### DATA EXTRACT:
* * * * * * *
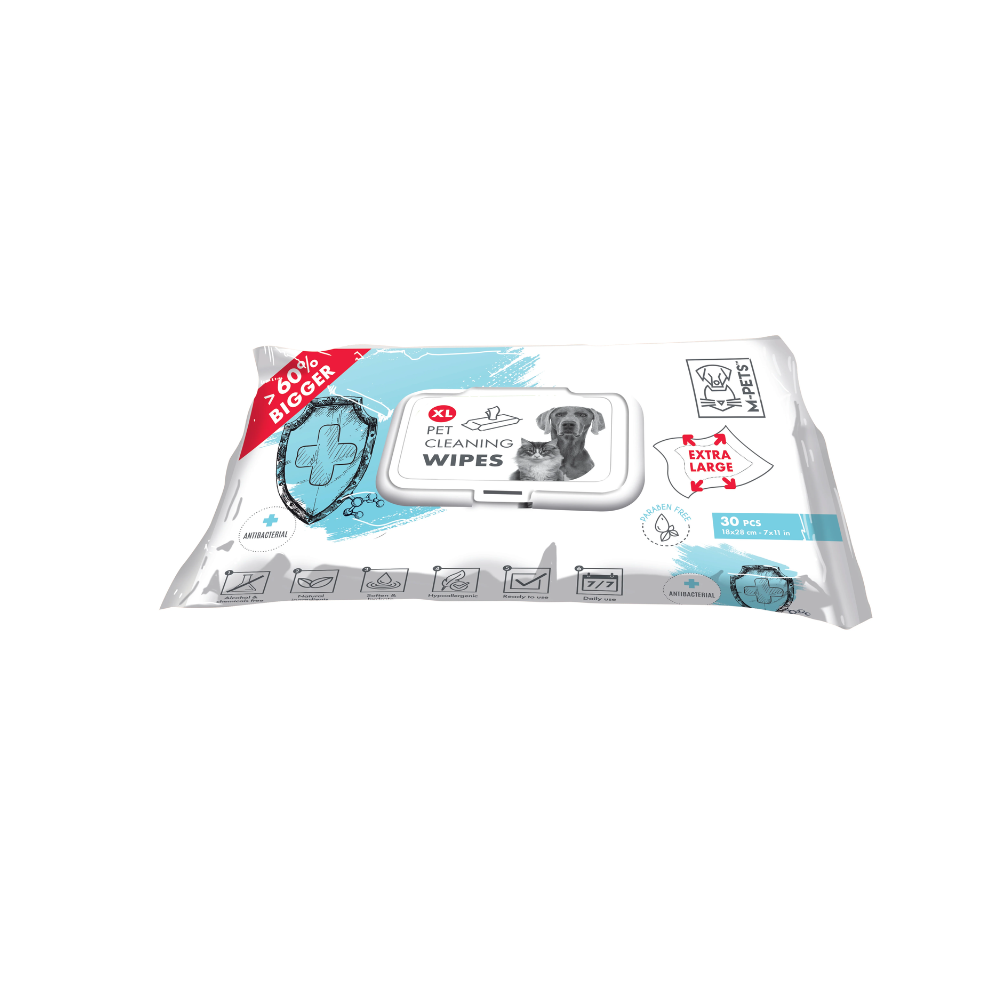 Pet Cleaning Wipes Anti-bacterial  Extra Large
28 x 18 cm - 30 pcs
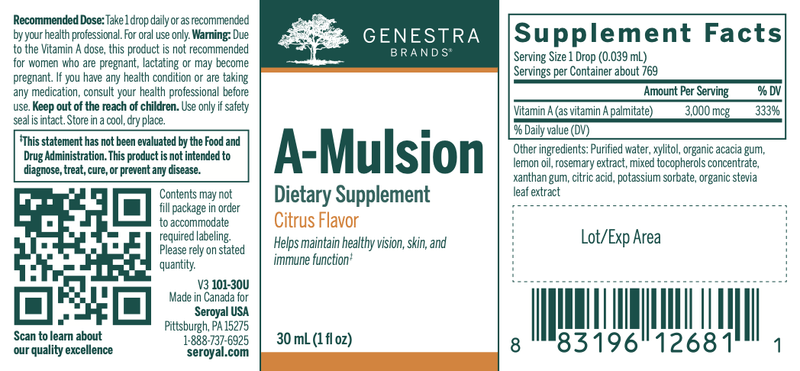 A-Mulsion Liquid | Genestra Brands® | 30 mL - Coal Harbour Pharmacy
* * * * * * *
### EXERCISE DESCRIPTION:
Only the pictures are to be left out; restate everything else in the listing word for word.

### REPLY:
 Pet Cleaning Wipes Anti-bacterial  Extra Large
28 x 18 cm - 30 pcs
 A-Mulsion Liquid | Genestra Brands® | 30 mL - Coal Harbour Pharmacy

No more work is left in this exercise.